Man I wish I had a coring tool and a lather big enough to do that....


----------



## Tony (May 6, 2016)

Why do you soak them in alcohol? Forgive my ignorance! Tony

Reactions: Like 1


----------



## Nature Man (May 6, 2016)

Black Oak has to be good for something in this world -- might as well be bowls! Chuck

Reactions: Agree 1


----------



## duncsuss (May 6, 2016)

Nice work, Ron. You a way more advanced at this coring business than I am. (So far all I've made is a 15" diameter funnel. Ooops.)

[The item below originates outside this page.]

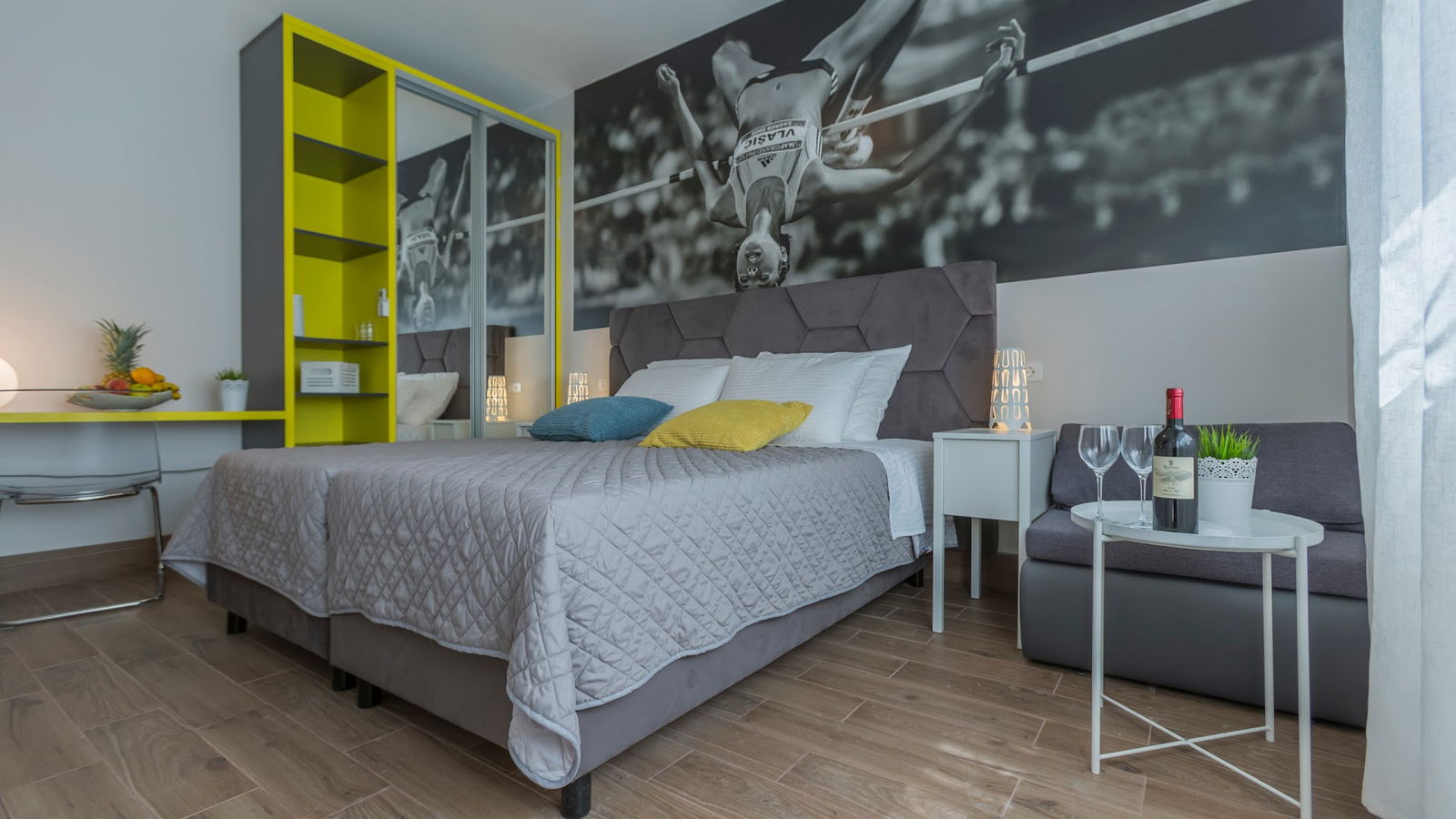 City Hall apart & rooms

Looks like you're using the SuperNova2 -- do you have two chucks in play or keep reversing the blank in a single chuck?


----------



## Corjack (May 6, 2016)

@Tony 

I think it helps the wood dry quicker, with less checking.


@duncsuss

I have a Oneway Talon, and the Super Nova. Not a big fan of the Nova chuck. Friggin bassackward thing. I have learned to live with it, but when I buy a 24 inch lathe, I will be getting the big Oneway chuck to go with it.


----------



## Tony (May 6, 2016)

Ron, what kind of alcohol do you use? I've never heard of this, just curious. Tony


----------



## Corjack (May 6, 2016)

Denatured.

Reactions: Informative 1


----------



## Tony (May 6, 2016)

I don't know, maybe I'm just a dumba** but I think it would be cool if you would describe how you do it, for how long, etc. Hopefully I'm not the only one who's never heard this before. Tony


----------



## Corjack (May 6, 2016)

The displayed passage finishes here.